I think there are three ways to read that press conference.
One of them is that the audience is Donald Trump himself.
Donald Trump, as you will read if you read this report, is very into his subordinates
spinning for him and defending him and protecting him.
So William Barr goes out before anybody else has publicly seen the report, although not,
by the way, before the Trump administration has seen the report. And he goes out and gives an
extremely protective of Trump summary. President Trump faced an unprecedented
situation. As he entered into office and sought to perform his responsibilities as president,
federal agents and prosecutors were
scrutinizing his conduct before and after taking office and the conduct of some of his associates.
But the other thing, and this is a kind of classic way of exploiting a weakness in the press,
is that what Barr was trying to do was he was creating visual clips that the news would run
all day. There was an hour or so between his press conference and when the report actually came out. So during that period, all that was really being run was clips
of him talking and then people talking about him. And then, of course, those clips would be run on
the nightly news, too. I think that his spin on the report was so friendly to Trump and then the
report was so much more mixed than that, shall we say, that it might ultimately backfire.
Yeah. How does what Barr said in his summary weeks ago and this morning line up with what we read in the actual report?
I almost want to pull out of all the summaries and all the talking. Like,
what if you just woke up like Rip Van Winkle and just read this report?
And what I would submit is that it is incredibly damning. It is actually shocking to read it all
stacked up one after the
other, after the other, after the other. I would say that the big picture story that is being told
here, and then you can decide how you feel about that story, has a couple of parts. One, and this
is literally the second sentence of the report, is that Russia had a sweeping and massive operation
to influence the 2016 election in Donald Trump's favor.
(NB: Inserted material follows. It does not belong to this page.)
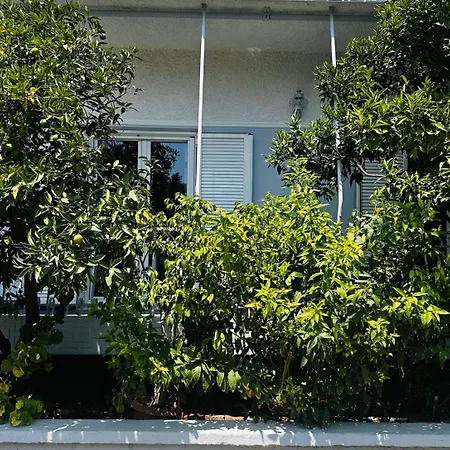 Sotiris Mandarin House Apartment Diakopto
The Trump campaign believed that would benefit them. They also, by the way, during this period,
the Trump organization was in talks to open up a Trump Moscow. This went on for much longer than
Donald Trump admitted. It went on well into 2016. And during this period, there was some advanced
warning for Trump associates of the WikiLeaks hacks, the hacked
Hillary Clinton emails. So there's all that. Then there is this obstruction piece. And the
obstruction is much more damning than I thought. I'm somebody who came into this thinking Donald
Trump had obstructed justice just given what we had seen. He had fired James Comey. I mean,
there was a lot that was in the public record there. But when you read that part of Mueller's
report, what he is saying, I would argue this is a fair summary, is that they believe Donald Trump has obstructed justice and they do not believe it is proper for them to make that judgment.
They say again and again that if they thought he had not, they would say that.
They say that they are not making a traditional prosecutorial judgment but they think it is fair for Congress to make judgments about whether or not the president has overstepped his boundaries here.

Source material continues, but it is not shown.